● **TASK TO CARRY OUT**:
Given the records underneath, please repeat exactly the lines from the line with "Lantejoula Lantecor Tr-6Mm" through the line with "METAL BUILD フリーダムガンダム", passing over any picture.

● **DATASET RECORDS**:
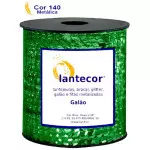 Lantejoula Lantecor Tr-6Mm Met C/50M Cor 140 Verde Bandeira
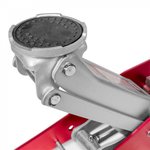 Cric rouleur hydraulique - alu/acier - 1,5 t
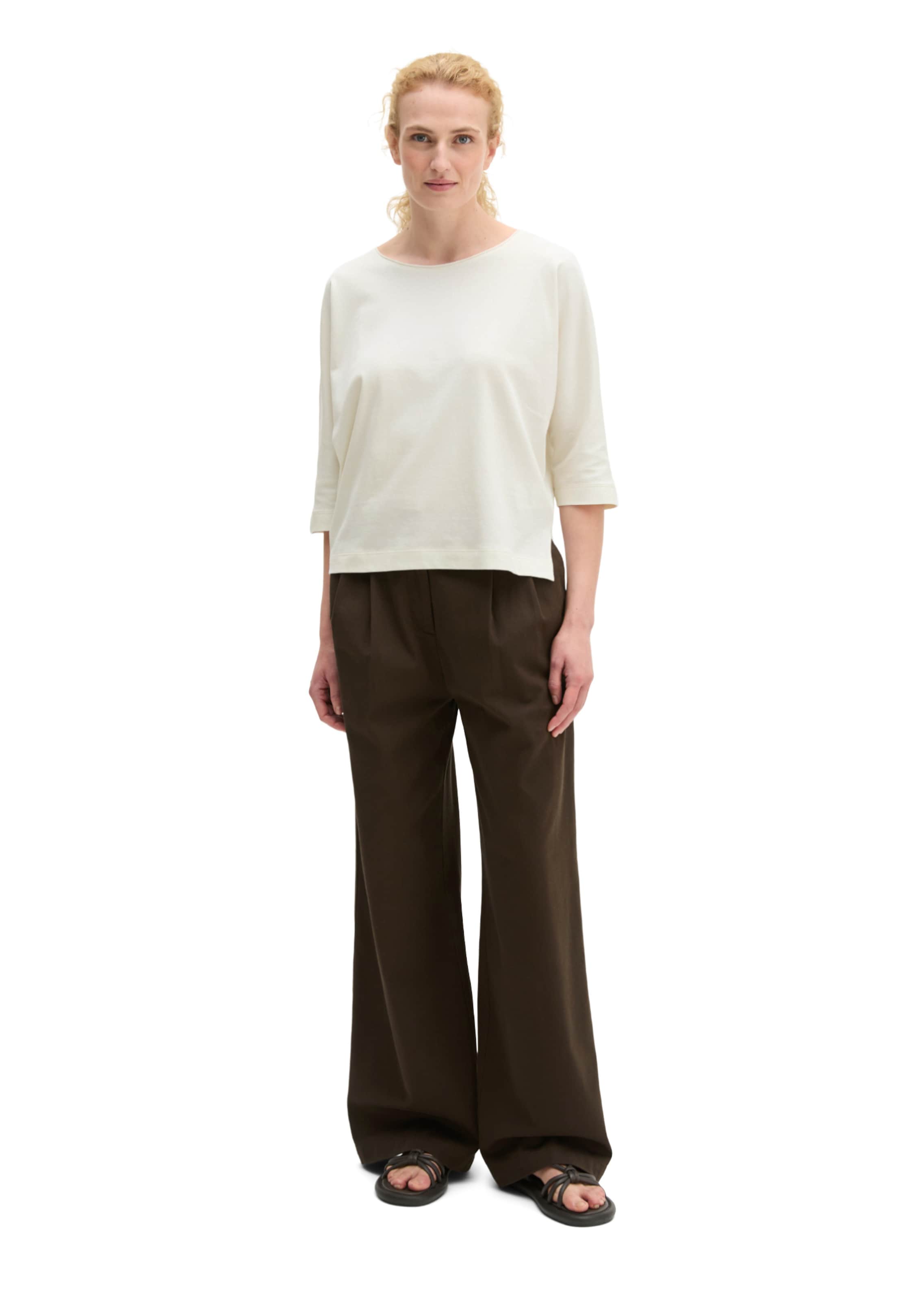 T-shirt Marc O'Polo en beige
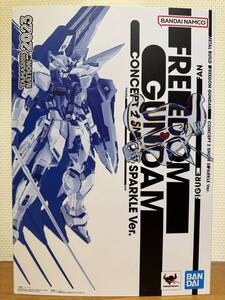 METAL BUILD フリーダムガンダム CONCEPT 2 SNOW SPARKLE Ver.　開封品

...

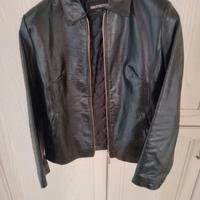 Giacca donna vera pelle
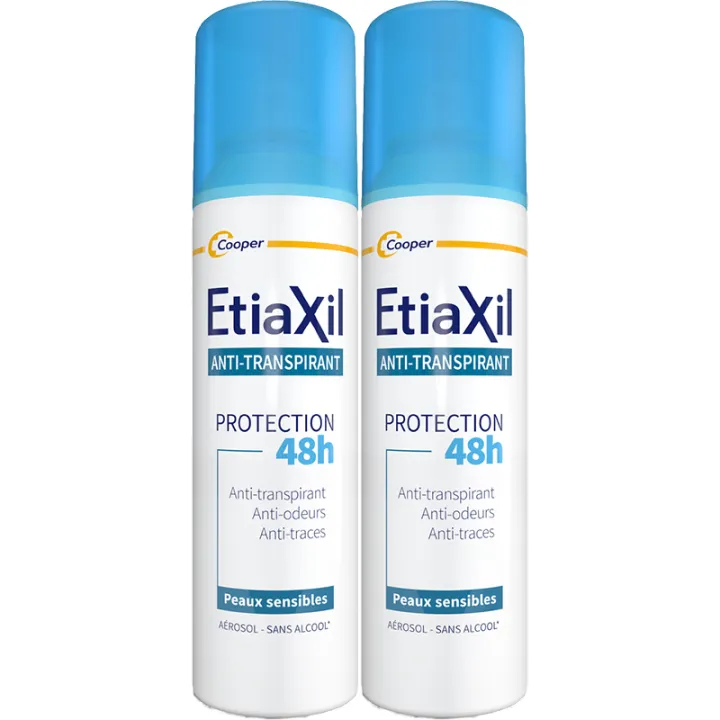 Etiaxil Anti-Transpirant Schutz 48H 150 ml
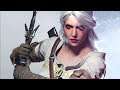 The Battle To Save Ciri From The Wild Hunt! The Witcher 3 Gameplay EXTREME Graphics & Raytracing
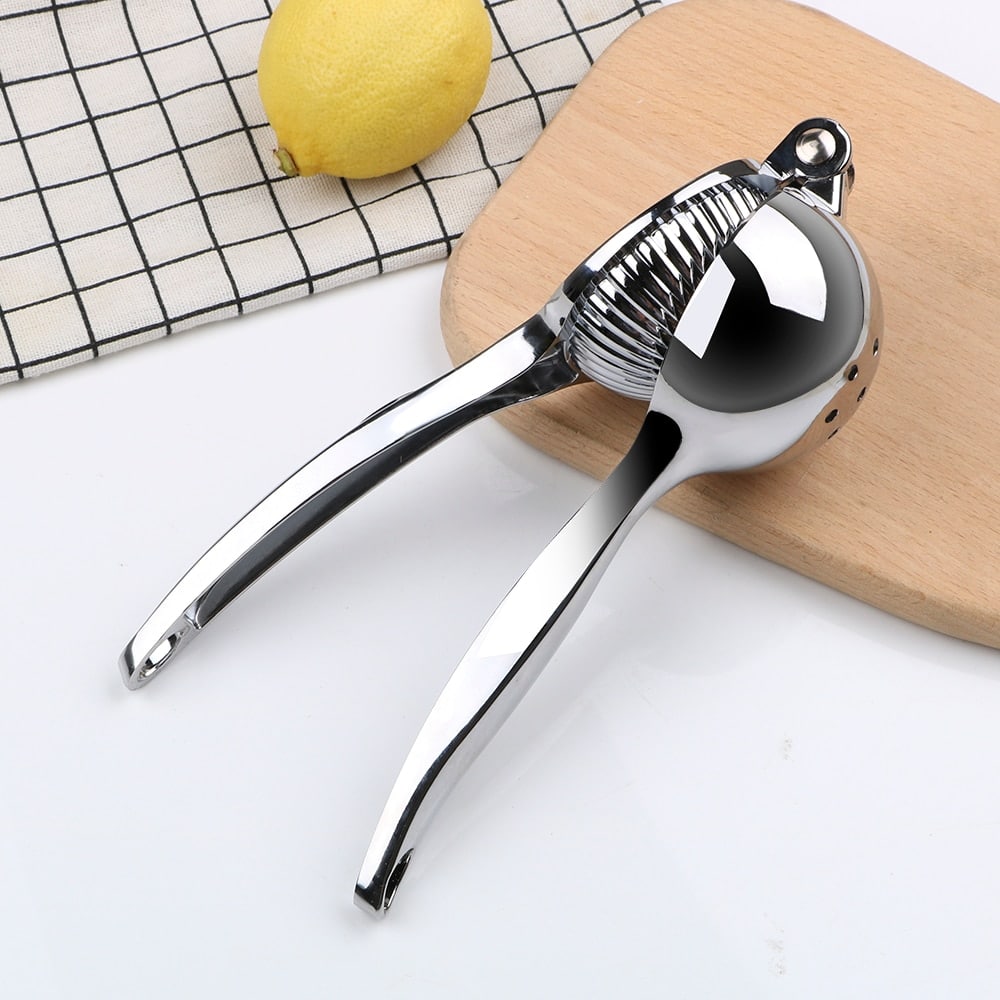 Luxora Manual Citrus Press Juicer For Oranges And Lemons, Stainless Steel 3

* * *

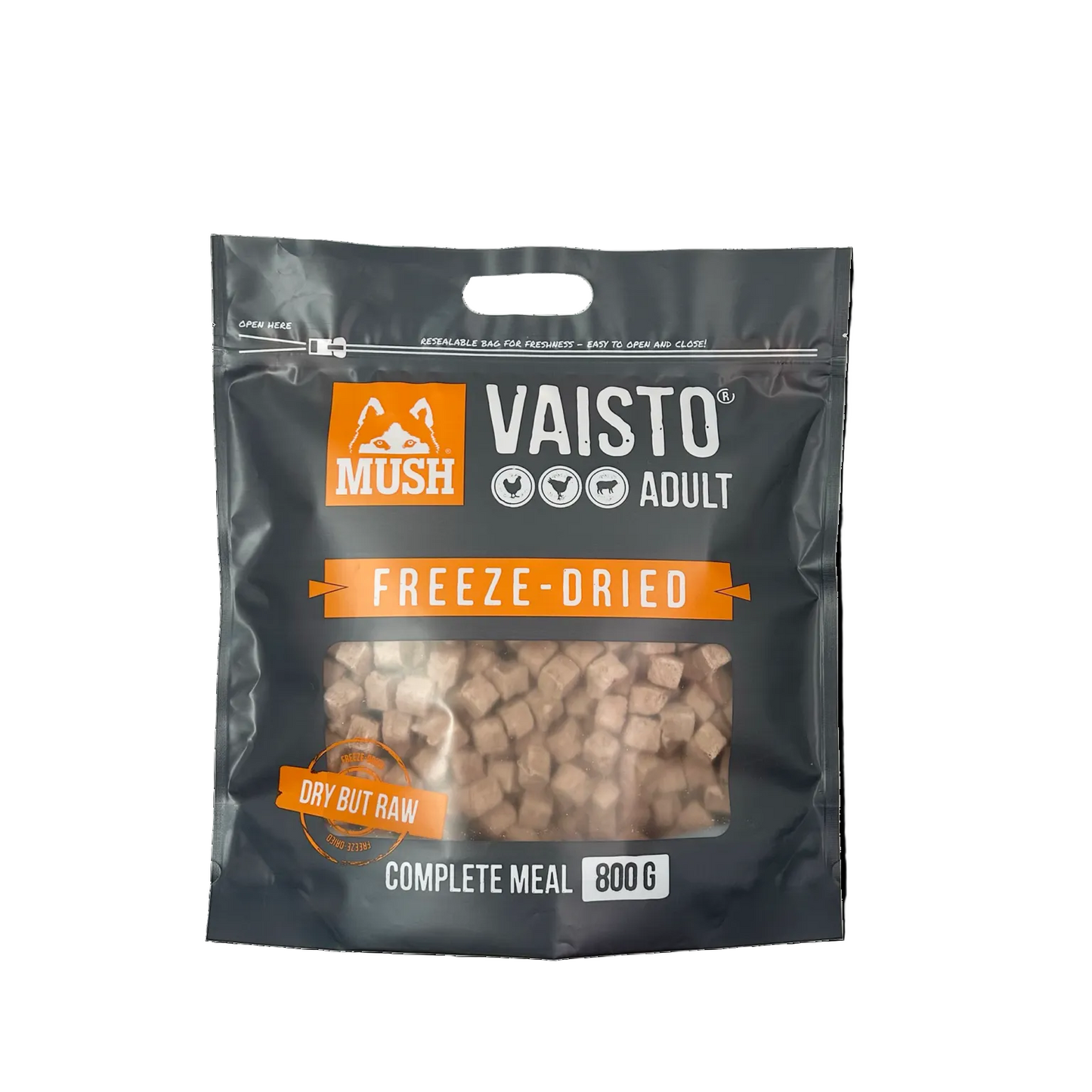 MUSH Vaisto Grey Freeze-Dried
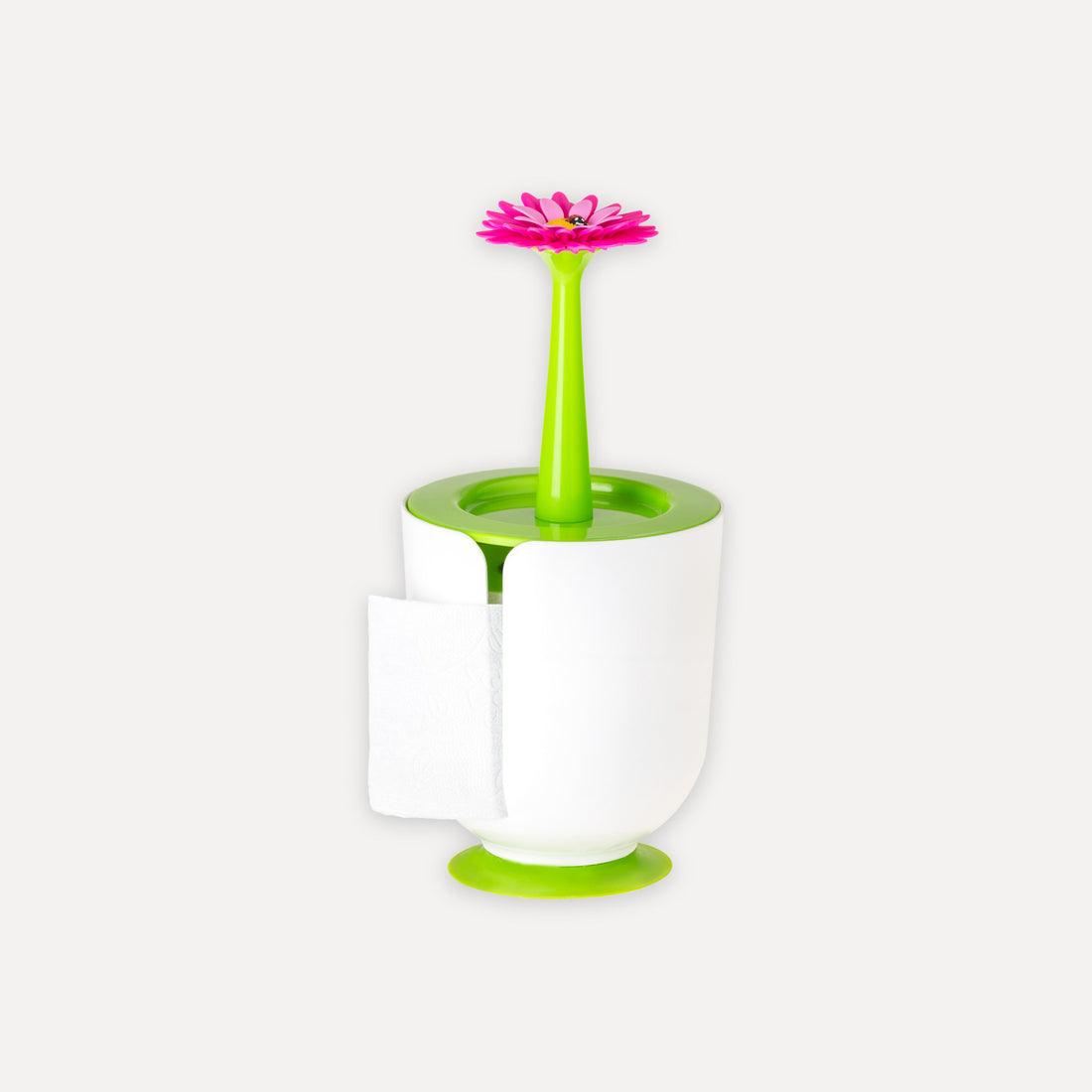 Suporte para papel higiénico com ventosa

● **PROBLEM SOLUTION**:
 Lantejoula Lantecor Tr-6Mm Met C/50M Cor 140 Verde Bandeira
 Cric rouleur hydraulique - alu/acier - 1,5 t
 T-shirt Marc O'Polo en beige
 METAL BUILD フリーダムガンダム CONCEPT 2 SNOW SPARKLE Ver.　開封品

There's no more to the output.